Hannah Vogel is a single 32-year-old woman in a Germany where Nazi-ism is becoming rampant. A crime reporter for the Berliner Tageblatt, she considers herself fairly tough and unshakeable. But when, on a regular visit to the police station she sees a photo of her younger brother Ernst in the photos of the unnamed dead, the unidentified bodies discovered over the past week, she is (understandably) upset.
Hannah's friend Fritz Waldheim is the policeman on duty, though, so she tries not to show it. She doesn't want anyone to find out that she and Ernst loaned their identity papers to a Jewish friend so she and her son could leave the country. Once Sarah and Tobias arrive in America, the papers will be returned, but until then, Hannah and Ernst must be virtually invisible.
Hannah succeeds in distracting Fritz before he sees the photograph of Ernst, but she determines that she will discover what happened to her brother and try to avenge his death. She still has to do her job as a crime reporter, but because of it, she knows some investigative tricks.
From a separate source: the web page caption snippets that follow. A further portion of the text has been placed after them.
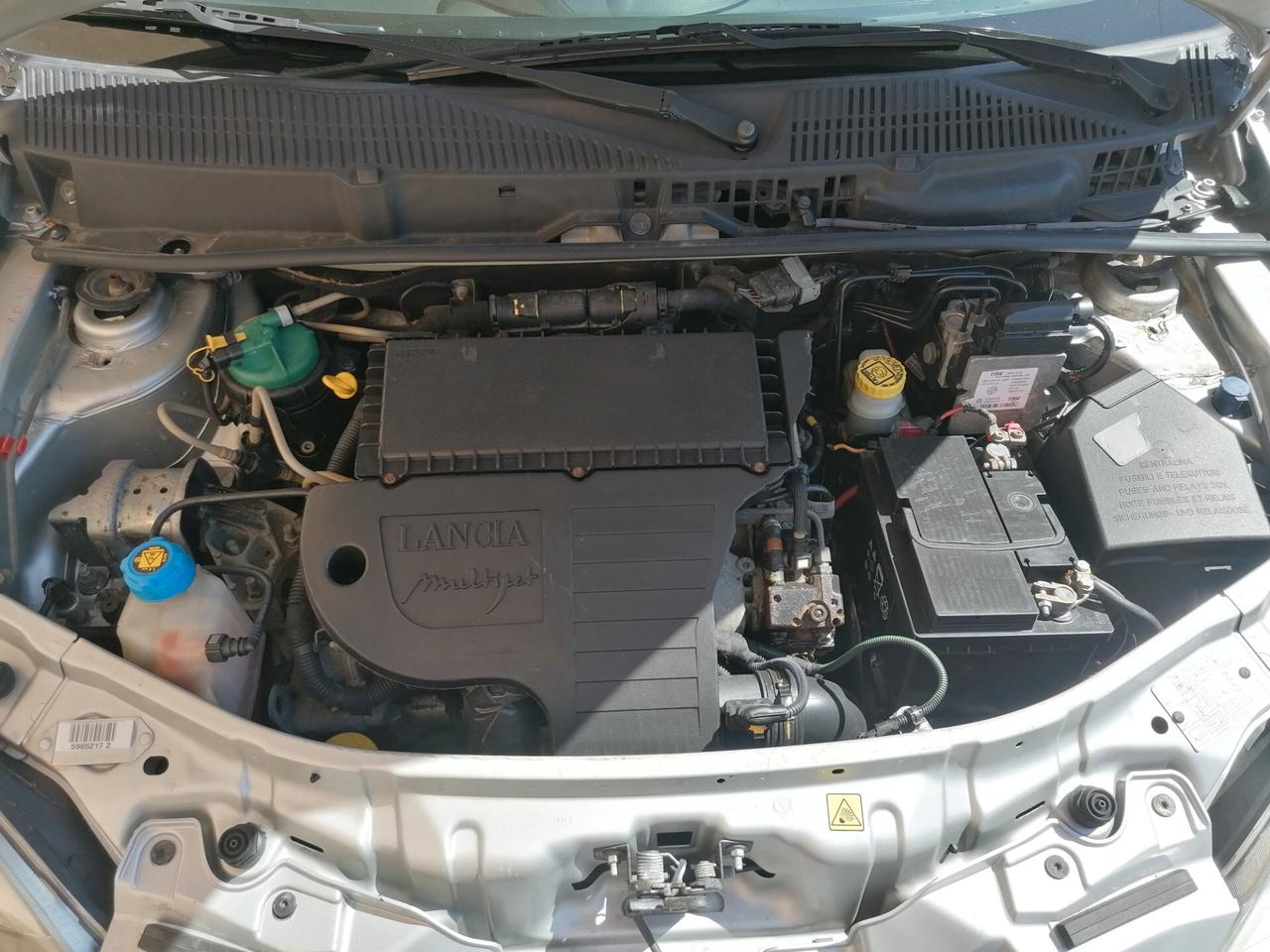 Lancia Ypsilon 1.3 MJT 75 CV(neopatentati)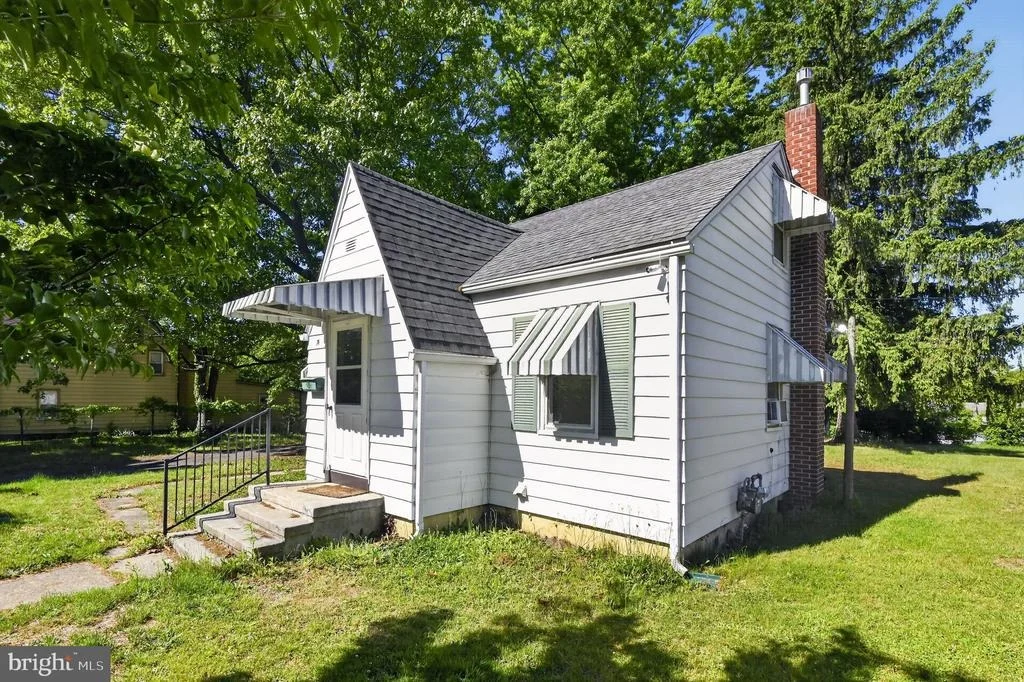 Photo of 74 ROGERS STREET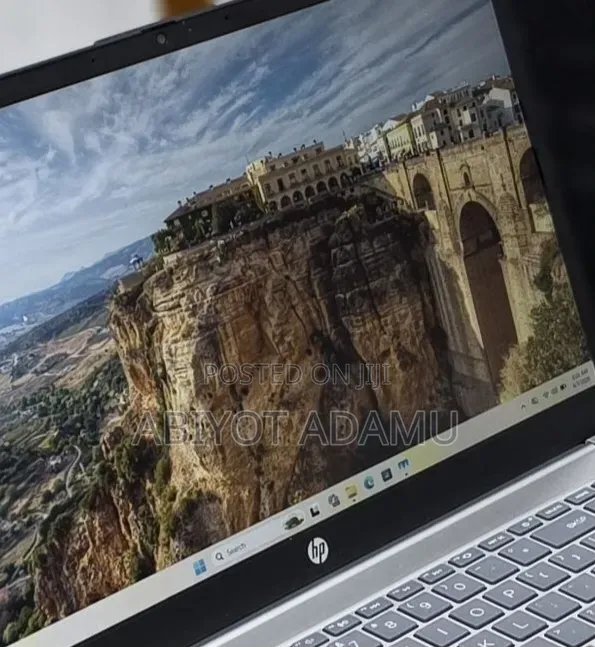 New Laptop HP Stream Notebook 16GB Intel SSD 1T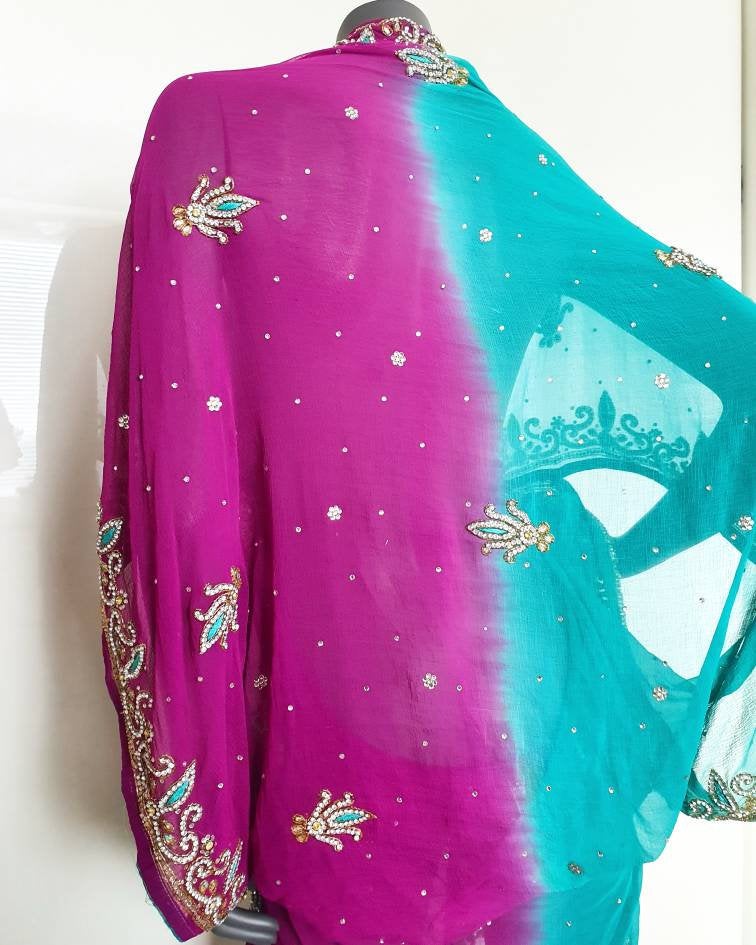 Luxurious draped kimono in turqouise and cerise with elaborated hand embellishment in silver and crystal glass rhinestones (M-L)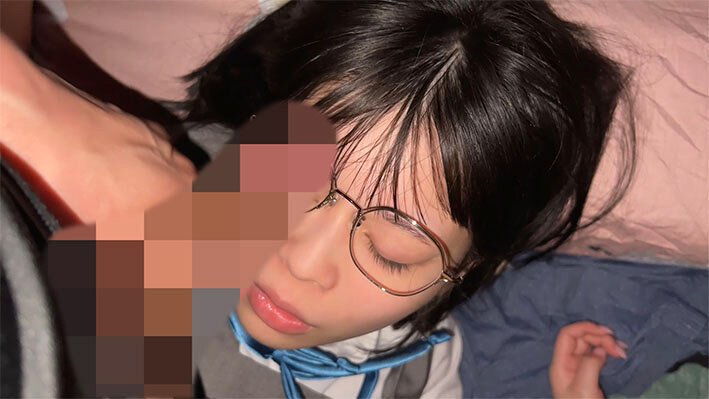 つきまとい02 ～地味な子の制服姿・自宅・私服姿を何日も盗撮記録～ - サンプル画像 - 7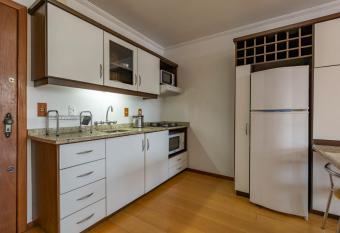 Rosa Apartamento Mirante Da Colina 313 allows 18 year olds to book a room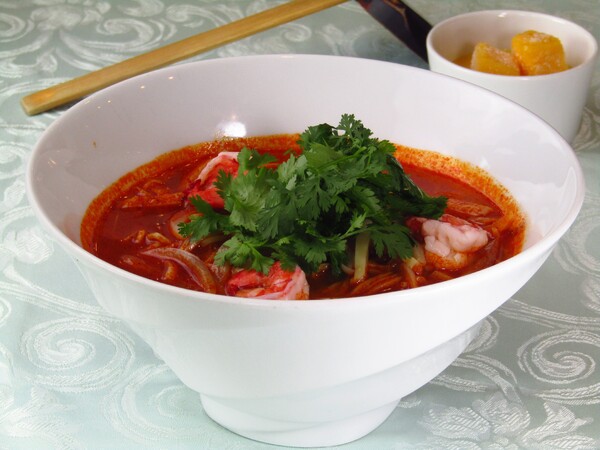 冷製トムヤムクンラーメンとマンゴープリン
Ernst was a performer in a gay bar, and had some very important benefactors. Hannah knows little about his life besides where he lived and worked, and that's where she begins.
Meanwhile, a 5-year-old boy appears on her doorstep, claiming to be Ernst's son, and Hannah has another puzzle to solve.
I'm not usually a fan of historical fiction, but I was totally taken with this story. This is one of the books which had me torn between gobbling it up and slowly savoring. I guess I managed a happy medium, but it was a gripping read.
Another Hannah Vogel story, A Night of Long Knives, is due out in June, but that seems a very long time to wait.